We're seeing this more and more in the newspaper business. Knight Ridder is (um, was) Exhibit A—as soon as its largest shareholder, Bruce Sherma's Private Capital Management, began agitating for change last year, Knight Ridder was on the slippery slope that led to its acquisition and dismemberment by McClatchy. Tribune Co. was in play as soon as the Chandler family lost its patience a few months ago, and now potential buyers are circling various Tribune properties and the company has investment bankers looking at ways to sell the company in whole or in parts. It's safe to say that Tribune won't exist in its current form next year at this time.
And now The New York Times Co. is in the crosshairs. Investors have been muttering about management performance for the past couple of years, former GE CEO Jack Welch is openly bidding for the Boston Globe, and now Hank Greenberg, the former CEO of insurance giant AIG, reportedly is buying blocks of Times stock and putting together a group of investment bankers to lay siege to the company.

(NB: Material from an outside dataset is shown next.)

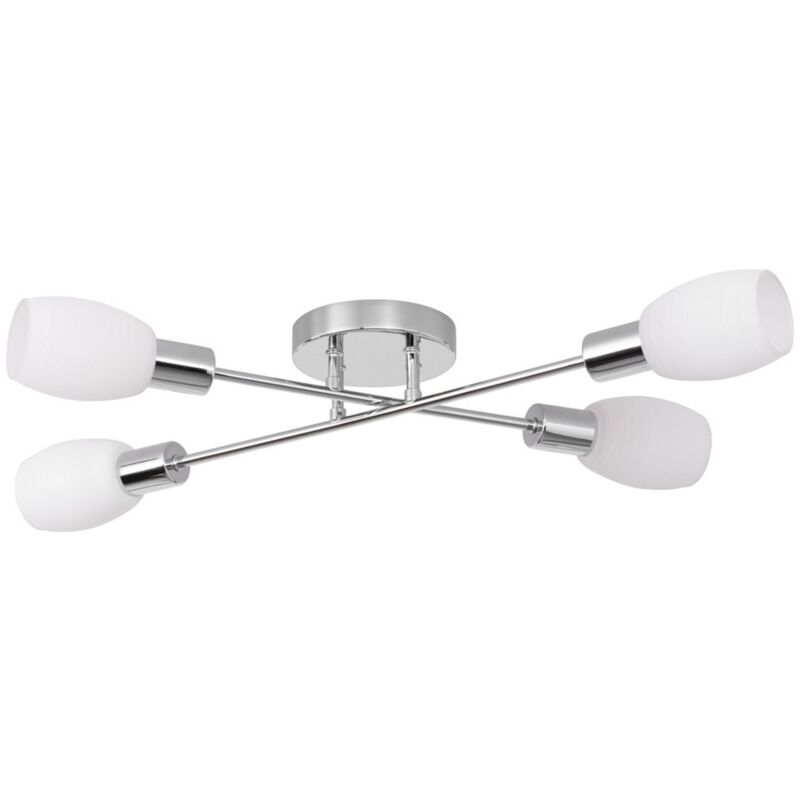foto del prodotto epikasa lampada a soffitto tamega, metallo, vetro, argento, bianco, 58x67x11 cm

Another big shareholder, Morgan Stanley Investment Management, already is calling for a change in the corporate structure to make a change of control easier.
While the Times' dual-tier stock structure makes it very hard to wrest the company away from the Sulzberger family, the company nonetheless is in play. If there's enough disgruntlement in the family for Greenberg and Morgan Stanley to get some leverage, the company could be sold, or split up, or new management could be brought in. It's seems unthinkable that the Sulzbergers would lose control of The New York Times—but nobody thought that Knight Ridder or Tribune could be targets, either. It's not impossible that the Sulzberger family simply decides that the challenges facing the company are so daunting that it's worth taking an lucrative offer to sell. At the very least, the Sulzbergers are likely to have to make significant changes to mollify the angry shareholders. That's the price for being in play.
Ultimately, this is about much more than The New York Times Co., or Tribune, or Kinght Ridder. The whole industry is in play. Where does it end? Gannett doesn't have the kind of stock protections that the Times has; some investor might eventually jump that company. McClatchy could be a target, if it can't adequately digest Knight Ridder. Cox still is basically family controlled; so is The Washington Post Co., where the Graham family has an iron grip on the voting stock and happy large shareholders like Warren Buffett. Those two are probably safe. But these are very unusual times in the media business, with unprecedented competitive challenges and predators. If the New York Times Co. could be in play, anything seems possible.
UPDATE: A representative for Greenberg is denying that he's amassing shares—but doesn't deny the rumor that he's talking to investment banks about a play for the Times. This is actually pretty classic "in play" situation: Rumors of bidders swirling around the company usually mean that something is indeed going on. Where there's smoke, there's fire.